Leggo sul giornale di oggi del ragazzino di 14 anni preso a cinghiate dai genitori e ricoverato a Genova in ospedale, in stato di choc. Per fortuna si è salvato: chiedendo aiuto ai vicini di casa, che hanno chiamato la polizia.

Mi consolo pensando che lo stesso fatto che questa notizia finisca sui giornali implica che si tratta di una eccezione: non capita spesso, per cui “fa notizia”, appunto. Mentre la stragrande maggioranza di genitori affettuosi non fa notizia.

Ma il ragazzino sotto choc in ospedale non si sentirà consolato dal sapere di costuire una percentuale molto bassa: ognuno di noi vive, e in diretta, la propria esperienza personale, il proprio caso.
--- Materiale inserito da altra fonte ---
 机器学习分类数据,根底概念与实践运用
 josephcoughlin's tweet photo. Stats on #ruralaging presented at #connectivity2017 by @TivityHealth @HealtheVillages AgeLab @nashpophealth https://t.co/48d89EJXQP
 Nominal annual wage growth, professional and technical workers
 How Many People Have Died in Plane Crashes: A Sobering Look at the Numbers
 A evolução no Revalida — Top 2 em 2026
Immagino il suo spaesamento: se non mi posso più fidare dei miei genitori, come posso vivere?

Ci immaginiamo, di solito, che i genitori vogliano bene ai loro figli, e che siano in grado di esprimere il loro affetto, e che lo sentano anche in presenza di comportamenti, dei figli, che non piacciono. Crediamo che sia “naturale”. Ma quando la frustrazione è grande – ad esempio ti aspetti fortemente, per il suo bene futuro, che tuo figlio studi e invece ti delude – chi non è in grado di gestirla può “esplodere”.

Il ragazzino, leggo, starà una settimana in osservazione in ospedale, per curare non solo le ferite riportate, ma lo stato di choc: il trauma dell’avere paura dei propri genitori non credo che in una settimana si superi. Dai tuoi genitori ti aspetti che stiano dalla tua parte, e non solo se “funzioni” come vogliono loro. La violenza è un reato, che in società diverse viene sanzionato in modo diverso: in Svezia questi genitori finirebbero probabilmente in carcere e perderebbero la patria podestà, in Germania la perderebbero, forse senza finire in carcere.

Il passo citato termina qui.